日本企業のグローバル経営の状況を見ると、一部に着実な成果を上げている企業もあるが、一般的には、グローバルな知識経済化時代における事業環境変化とビジネスチャンスを十分に生かし切っているとは思われない。

本研究において、今後の日本企業のグローバル経営にとって必要な要素を、企業の形の要素、組織設計、経営方式、グローバルにダイナミックな競争力、グローバル経営上の組織能力等について概念化した。これにより、日本企業のグローバル経営に関し、これら概念化した要素により、その業種別の企業の行動原理と市場での経営上の成果との関係の新たな全体像を示す研究上の全体フレームを構築した。このフレームの妥当性を内外のグローバル経営上の先進事例で確認したが、概ねその妥当性が確認された。
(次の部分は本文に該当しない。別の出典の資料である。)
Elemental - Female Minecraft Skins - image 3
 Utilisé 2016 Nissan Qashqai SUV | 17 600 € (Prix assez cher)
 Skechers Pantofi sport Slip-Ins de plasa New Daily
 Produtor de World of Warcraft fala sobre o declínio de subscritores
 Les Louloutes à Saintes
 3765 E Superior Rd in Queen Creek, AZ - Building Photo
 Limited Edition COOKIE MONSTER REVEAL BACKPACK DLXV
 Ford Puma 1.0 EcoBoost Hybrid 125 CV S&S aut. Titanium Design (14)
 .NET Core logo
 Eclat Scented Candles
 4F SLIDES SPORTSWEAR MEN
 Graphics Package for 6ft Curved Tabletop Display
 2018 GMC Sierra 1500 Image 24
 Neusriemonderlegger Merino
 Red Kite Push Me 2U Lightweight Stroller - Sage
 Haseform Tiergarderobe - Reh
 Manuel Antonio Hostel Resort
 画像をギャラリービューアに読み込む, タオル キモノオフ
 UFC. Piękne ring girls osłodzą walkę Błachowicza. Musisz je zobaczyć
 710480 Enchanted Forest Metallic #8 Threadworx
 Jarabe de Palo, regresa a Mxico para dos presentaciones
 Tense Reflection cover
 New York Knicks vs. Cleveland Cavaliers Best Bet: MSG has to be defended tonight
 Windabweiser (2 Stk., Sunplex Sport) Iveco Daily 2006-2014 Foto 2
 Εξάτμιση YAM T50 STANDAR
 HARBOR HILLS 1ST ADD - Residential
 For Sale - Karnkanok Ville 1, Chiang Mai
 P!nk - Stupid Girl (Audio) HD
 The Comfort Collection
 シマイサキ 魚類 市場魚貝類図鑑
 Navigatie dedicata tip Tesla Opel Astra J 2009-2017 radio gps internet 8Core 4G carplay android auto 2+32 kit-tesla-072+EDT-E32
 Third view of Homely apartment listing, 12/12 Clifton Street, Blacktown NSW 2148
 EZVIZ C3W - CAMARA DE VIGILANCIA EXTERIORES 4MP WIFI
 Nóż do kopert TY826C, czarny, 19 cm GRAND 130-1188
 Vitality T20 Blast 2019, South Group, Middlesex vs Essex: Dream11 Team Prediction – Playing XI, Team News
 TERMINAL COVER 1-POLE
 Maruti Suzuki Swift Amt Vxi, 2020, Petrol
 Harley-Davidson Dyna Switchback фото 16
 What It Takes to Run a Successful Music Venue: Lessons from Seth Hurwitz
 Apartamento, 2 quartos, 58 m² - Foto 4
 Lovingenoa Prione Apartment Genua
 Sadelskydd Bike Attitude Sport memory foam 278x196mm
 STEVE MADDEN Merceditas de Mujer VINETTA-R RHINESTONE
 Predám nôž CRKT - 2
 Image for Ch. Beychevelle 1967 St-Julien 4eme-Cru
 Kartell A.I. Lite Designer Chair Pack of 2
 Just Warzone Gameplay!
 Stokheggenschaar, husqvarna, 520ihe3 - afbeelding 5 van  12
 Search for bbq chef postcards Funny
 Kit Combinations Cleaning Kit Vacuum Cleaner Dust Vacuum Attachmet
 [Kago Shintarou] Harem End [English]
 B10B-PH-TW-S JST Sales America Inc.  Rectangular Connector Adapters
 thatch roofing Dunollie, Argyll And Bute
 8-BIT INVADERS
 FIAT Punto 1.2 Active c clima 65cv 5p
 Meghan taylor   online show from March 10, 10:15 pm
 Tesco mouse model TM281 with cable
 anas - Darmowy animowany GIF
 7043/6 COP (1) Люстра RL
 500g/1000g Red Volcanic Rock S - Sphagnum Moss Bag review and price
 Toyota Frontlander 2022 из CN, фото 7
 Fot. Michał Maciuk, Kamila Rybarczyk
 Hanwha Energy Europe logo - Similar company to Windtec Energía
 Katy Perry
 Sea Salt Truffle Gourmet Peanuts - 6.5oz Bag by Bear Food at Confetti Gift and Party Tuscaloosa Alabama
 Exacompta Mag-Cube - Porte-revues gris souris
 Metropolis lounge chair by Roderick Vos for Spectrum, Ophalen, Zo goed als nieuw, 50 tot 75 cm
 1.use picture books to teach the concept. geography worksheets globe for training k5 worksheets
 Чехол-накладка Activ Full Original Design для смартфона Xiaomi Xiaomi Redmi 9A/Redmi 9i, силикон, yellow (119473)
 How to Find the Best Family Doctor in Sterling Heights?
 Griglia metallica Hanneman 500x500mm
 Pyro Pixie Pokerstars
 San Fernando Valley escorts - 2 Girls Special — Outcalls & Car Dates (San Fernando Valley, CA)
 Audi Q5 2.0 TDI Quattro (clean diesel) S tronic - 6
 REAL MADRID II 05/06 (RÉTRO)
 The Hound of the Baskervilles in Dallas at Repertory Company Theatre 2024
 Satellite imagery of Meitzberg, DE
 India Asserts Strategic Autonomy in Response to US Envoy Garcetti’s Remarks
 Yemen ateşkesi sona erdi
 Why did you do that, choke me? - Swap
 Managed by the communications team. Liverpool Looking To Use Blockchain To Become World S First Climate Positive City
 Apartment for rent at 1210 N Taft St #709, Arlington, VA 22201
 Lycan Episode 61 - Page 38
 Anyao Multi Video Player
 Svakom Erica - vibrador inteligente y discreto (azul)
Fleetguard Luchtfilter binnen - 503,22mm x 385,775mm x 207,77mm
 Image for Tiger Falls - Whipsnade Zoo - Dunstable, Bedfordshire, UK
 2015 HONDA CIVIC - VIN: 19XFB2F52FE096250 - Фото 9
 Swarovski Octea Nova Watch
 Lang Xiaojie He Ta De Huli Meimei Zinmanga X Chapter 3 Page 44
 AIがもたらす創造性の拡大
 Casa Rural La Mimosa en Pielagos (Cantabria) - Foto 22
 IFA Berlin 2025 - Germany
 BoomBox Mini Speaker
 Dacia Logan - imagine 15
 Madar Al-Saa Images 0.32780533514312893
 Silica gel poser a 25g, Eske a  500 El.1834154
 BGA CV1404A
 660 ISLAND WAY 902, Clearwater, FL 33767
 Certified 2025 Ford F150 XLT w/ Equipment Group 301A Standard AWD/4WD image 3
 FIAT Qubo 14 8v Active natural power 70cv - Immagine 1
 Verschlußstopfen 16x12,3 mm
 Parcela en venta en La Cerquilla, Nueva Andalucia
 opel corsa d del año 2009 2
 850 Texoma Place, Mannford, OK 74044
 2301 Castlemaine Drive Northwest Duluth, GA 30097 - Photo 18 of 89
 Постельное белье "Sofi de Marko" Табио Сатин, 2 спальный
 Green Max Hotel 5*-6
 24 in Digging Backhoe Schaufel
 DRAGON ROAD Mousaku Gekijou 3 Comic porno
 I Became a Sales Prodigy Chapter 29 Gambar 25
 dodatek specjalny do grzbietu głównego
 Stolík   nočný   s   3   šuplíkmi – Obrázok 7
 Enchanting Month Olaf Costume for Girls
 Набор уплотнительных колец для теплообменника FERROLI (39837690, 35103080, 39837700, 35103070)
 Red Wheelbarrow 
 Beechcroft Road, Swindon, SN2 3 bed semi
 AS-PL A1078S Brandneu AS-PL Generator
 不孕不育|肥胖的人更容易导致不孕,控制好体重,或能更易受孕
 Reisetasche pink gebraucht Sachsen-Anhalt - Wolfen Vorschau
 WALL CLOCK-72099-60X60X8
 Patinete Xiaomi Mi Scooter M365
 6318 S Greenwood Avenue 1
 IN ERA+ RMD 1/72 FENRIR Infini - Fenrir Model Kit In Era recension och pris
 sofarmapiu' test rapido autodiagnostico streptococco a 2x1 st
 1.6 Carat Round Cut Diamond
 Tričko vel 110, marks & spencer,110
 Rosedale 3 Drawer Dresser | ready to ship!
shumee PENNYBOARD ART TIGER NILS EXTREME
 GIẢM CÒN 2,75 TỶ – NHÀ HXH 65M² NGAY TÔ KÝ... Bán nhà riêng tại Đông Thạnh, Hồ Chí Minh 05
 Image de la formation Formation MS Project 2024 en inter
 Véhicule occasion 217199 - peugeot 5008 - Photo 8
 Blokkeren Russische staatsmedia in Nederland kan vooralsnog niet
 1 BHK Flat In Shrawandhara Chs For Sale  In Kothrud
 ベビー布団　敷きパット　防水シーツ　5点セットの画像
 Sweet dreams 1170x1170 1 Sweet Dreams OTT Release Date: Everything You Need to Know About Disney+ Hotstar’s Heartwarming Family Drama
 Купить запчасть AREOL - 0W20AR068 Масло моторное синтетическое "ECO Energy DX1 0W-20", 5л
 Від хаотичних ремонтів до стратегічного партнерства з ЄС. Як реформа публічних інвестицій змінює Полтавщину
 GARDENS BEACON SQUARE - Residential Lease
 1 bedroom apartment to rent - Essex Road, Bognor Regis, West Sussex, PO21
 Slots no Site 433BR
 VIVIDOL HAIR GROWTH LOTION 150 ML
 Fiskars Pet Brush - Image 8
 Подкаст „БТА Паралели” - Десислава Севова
最近、ディジタル技術、モジュール型技術を活用する産業に属する企業で、トランスナショナル的日本企業が実現し、また、それを超えたグローバルなメタナショナル的な優位性を構築する外国企業が出現し、それぞれ市場で経営上の成果を上げているが、今回の全体フレームで、それらの仕組みが体系的に説明可能となった。

また、今回の研究成果及び上記確認作業で明らかになった日本企業のグローバル経営の強みと今後の課題についての提言も行っている。

いずれにしても、今回の研究は、本領域での新しいフレームワークによる本格的な研究に向けた第一歩であり、関係方面の今後の研究の参考になれば幸いである。